• Vivid Seats Delivers Highest GOV Ever and Expands TAM Internationally

    Источник: Nasdaq GlobeNewswire / 08 авг 2023 06:15:00   America/New_York

    CHICAGO, Aug. 08, 2023 (GLOBE NEWSWIRE) -- Vivid Seats Inc. (NASDAQ: SEAT) (“Vivid Seats” or “we”), a leading marketplace that utilizes its technology platform to connect millions of buyers with thousands of ticket sellers across hundreds of thousands of events each year, today provided financial results for the second quarter ended June 30, 2023.

    “It is an exciting time for Vivid Seats. We set a new quarterly record for Marketplace GOV and delivered solid profitability that is enabling compelling investments,” said Stan Chia, Vivid Seats CEO. “I'm thrilled to announce that we’ve expanded our TAM internationally with a definitive agreement to purchase Wavedash, the leading secondary ticketing marketplace in Japan. We are also excited to have entered into several strategic partnerships including with the Colorado Rockies, the L.A. Dodgers and the L.A. Chargers. Through partnerships such as these, we craft unique and premium experiences that drive differentiation, higher brand awareness and affinity, and ultimately contribute to higher customer repeat rates.”

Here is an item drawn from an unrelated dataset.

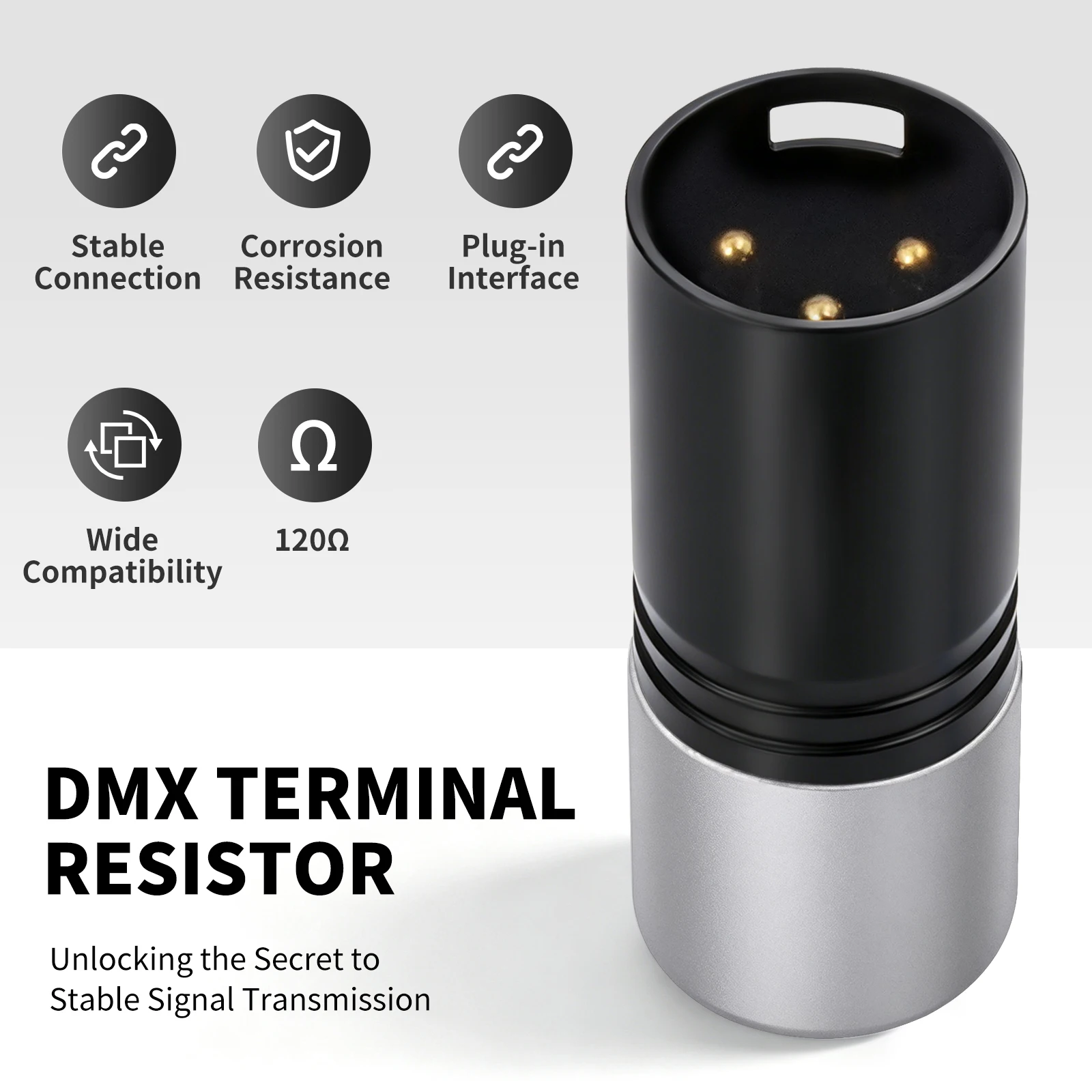 120 Ohm 3-Pin XLR/DMX Terminator Audio Converter Connector Adapter 3 Pin XLR Male Microphone Cable Connectors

    Second Quarter 2023 Key Operational and Financial Metrics

    • Marketplace GOV of $953.7 million – up 17% from $814.8 million in Q2 2022
    • Revenues of $165.4 million – up 12% from $147.7 million in Q2 2022
    • Net income of $38.3 million – up 59% from $24.1 million in Q2 2022
    • Adjusted EBITDA of $31.1 million – up 2% from $30.3 million in Q2 2022

    “Widespread strength in both live event supply and demand continued in the second quarter," said Lawrence Fey, Vivid Seats CFO. "Our 17% year-over-year Marketplace GOV growth is a testament to solid Vivid Seats execution against a healthy market backdrop. We are again raising our 2023 guidance and now expect both Marketplace GOV and Adjusted EBITDA to grow by double digits for the year. Our acquisition of Wavedash for approximately $61 million in cash* will expand profitability and reflects the strategic optionality that our cash flow and robust balance sheet enable as we seek opportunities to maximize long-term shareholder returns."

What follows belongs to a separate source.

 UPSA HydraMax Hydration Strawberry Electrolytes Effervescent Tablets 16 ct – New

    *Based on enterprise value, subject to closing adjustments, of ¥‎8.7 billion converted at 142.3 JPY/USD exchange rate.

    Key Performance Indicators ('000s)

     Three Months Ended June 30, Six Months Ended June 30,
     2023 2022 2023 2022
    Marketplace GOV(1)$953,739 $814,817 $1,809,267 $1,556,955
    Total Marketplace orders(2) 2,627  2,410  4,902  4,429
    Total Resale orders(3) 76  67  163  135
    Adjusted EBITDA(4)$31,077 $30,329 $73,512 $51,341

    (1)Marketplace Gross Order Value ("Marketplace GOV") represents the total transactional amount of Marketplace segment orders placed on our platform in a period, inclusive of fees, exclusive of taxes, and net of event cancellations that occurred during that period. Marketplace GOV was negatively impacted by event cancellations in the amount of $11.7 million and $23.8 million during the three and six months ended June 30, 2023, respectively, and $14.7 million and $49.5 million during the three and six months ended June 30, 2022, respectively.
    (2)Total Marketplace orders represents the volume of Marketplace segment orders placed on our platform in a period, net of event cancellations that occurred during that period. During the three and six months ended June 30, 2023, our Marketplace segment experienced 29,351 and 49,831 event cancellations, respectively, compared to 35,916 and 127,316 event cancellations during the three and six months ended June 30, 2022, respectively.
    (3)Total Resale orders represents the volume of Resale segment orders in a period, net of event cancellations that occurred during that period. During the three and six months ended June 30, 2023, our Resale segment experienced 827 and 1,512 event cancellations, respectively, compared to 711 and 3,270 event cancellations during the three and six months ended June 30, 2022, respectively.
    (4)Adjusted EBITDA is not a measure defined under accounting principles generally accepted in the United States of America ("GAAP"). We believe Adjusted EBITDA provides useful information to investors and others in understanding and evaluating our results of operations, as well as provides a useful measure for making period-to-period comparisons of our business performance. Refer to the “Use of Non-GAAP Financial Measures” section below for more information and a reconciliation of Adjusted EBITDA to its most directly comparable GAAP measure.
      

    2023 Financial Outlook
    Vivid Seats now anticipates Marketplace GOV, Revenues and Adjusted EBITDA for the year ending December 31, 2023 to be:

    • Marketplace GOV in the range of $3.4 billion to $3.6 billion (increased from $3.15 billion to $3.4 billion)
    • Revenues in the range of $630.0 million to $650.0 million (increased from $605.0 million to $630.0 million)
    • Adjusted EBITDA in the range of $125.0 million to $135.0 million** (increased from $115.0 million to $130.0 million)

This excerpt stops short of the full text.